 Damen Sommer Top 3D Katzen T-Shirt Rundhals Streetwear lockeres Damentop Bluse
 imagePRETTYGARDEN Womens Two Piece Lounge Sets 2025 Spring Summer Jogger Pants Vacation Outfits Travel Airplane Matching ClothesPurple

# # #

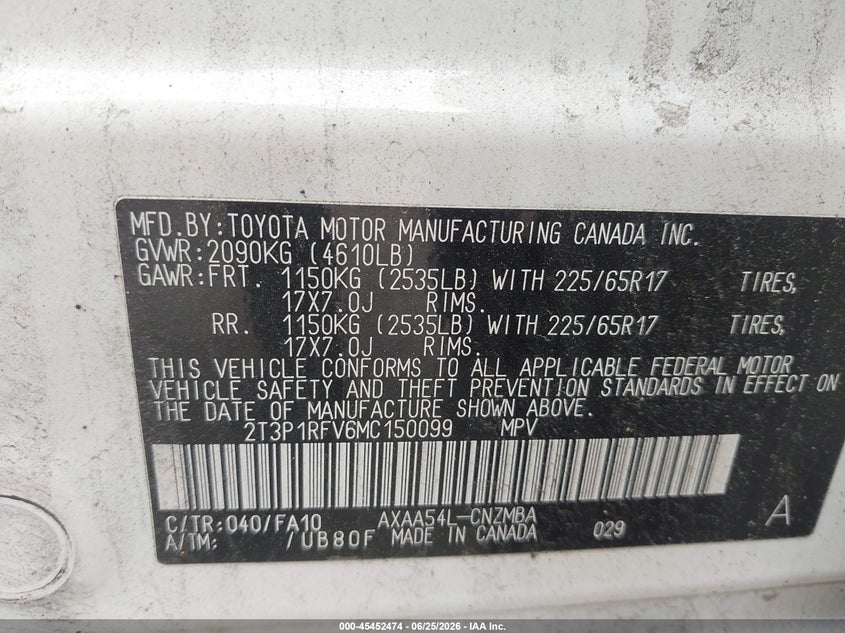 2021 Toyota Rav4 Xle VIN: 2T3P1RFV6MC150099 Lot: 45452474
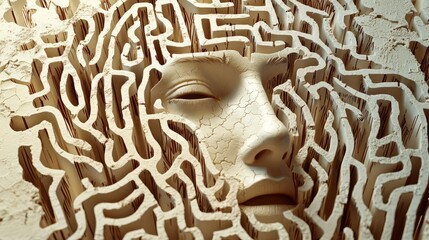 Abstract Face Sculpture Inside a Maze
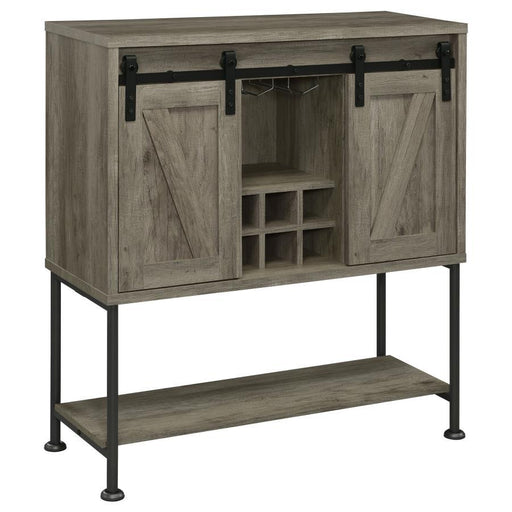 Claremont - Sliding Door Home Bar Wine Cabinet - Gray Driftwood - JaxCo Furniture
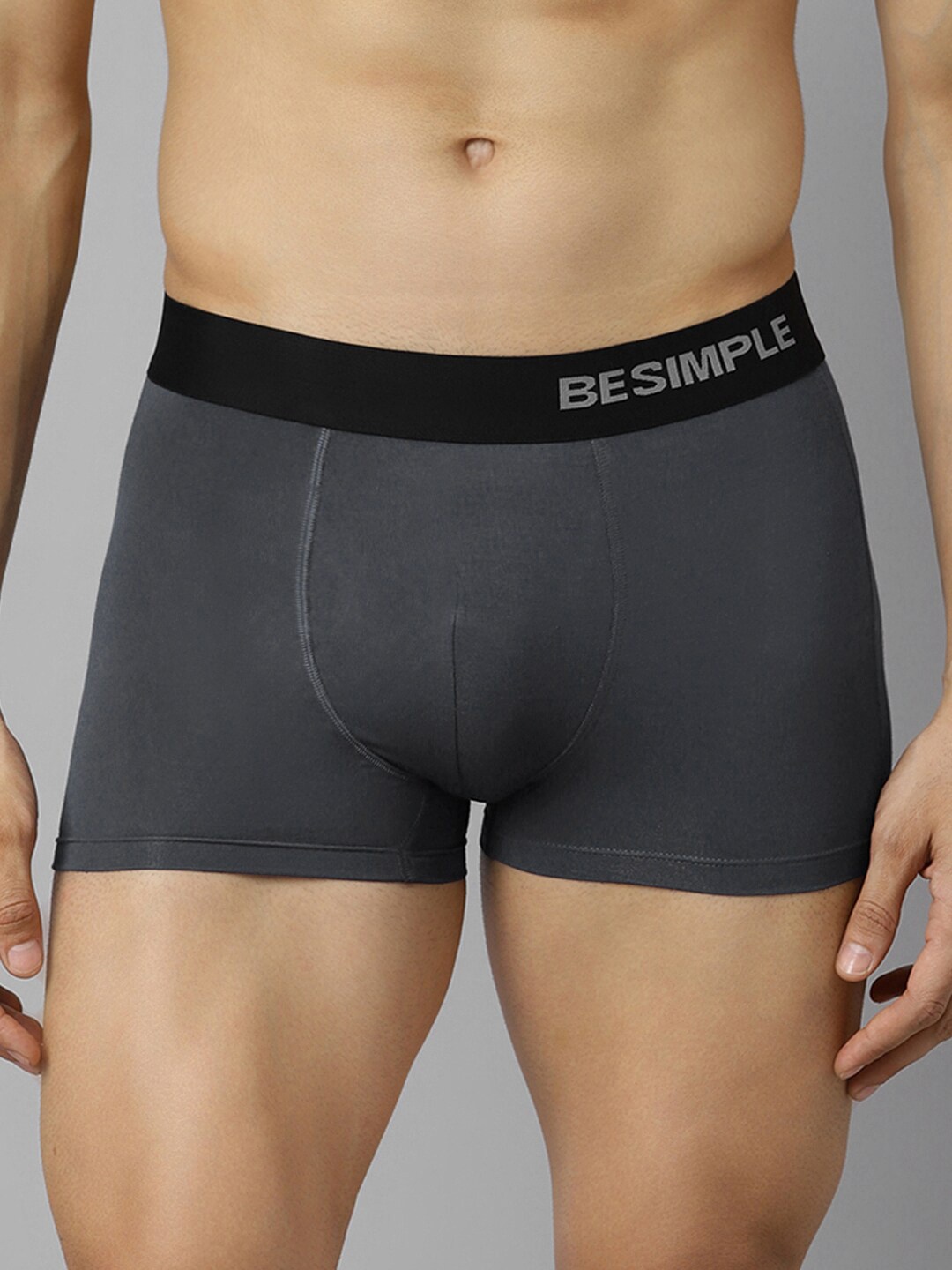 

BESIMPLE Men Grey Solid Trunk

# # #

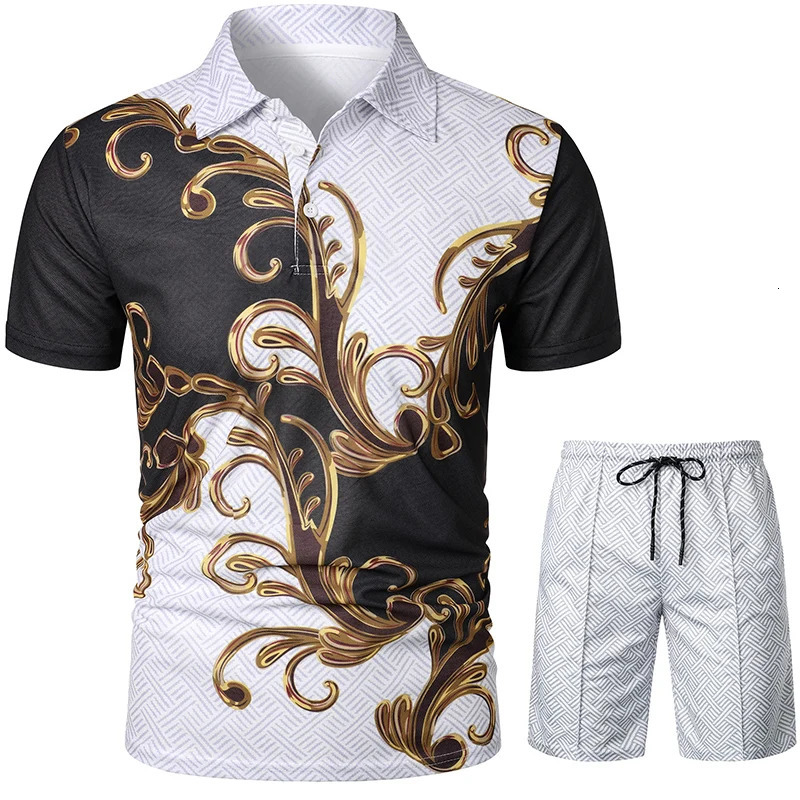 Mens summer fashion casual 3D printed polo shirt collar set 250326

# # #

Required action >> What are the lines above, starting at the one with "Damen Sommer Top" and ending at the one with "imagePRETTYGARDEN Womens Two"? Give them again exactly, and only them.

Solved exercise >>
 Damen Sommer Top 3D Katzen T-Shirt Rundhals Streetwear lockeres Damentop Bluse
 imagePRETTYGARDEN Womens Two Piece Lounge Sets 2025 Spring Summer Jogger Pants Vacation Outfits Travel Airplane Matching ClothesPurple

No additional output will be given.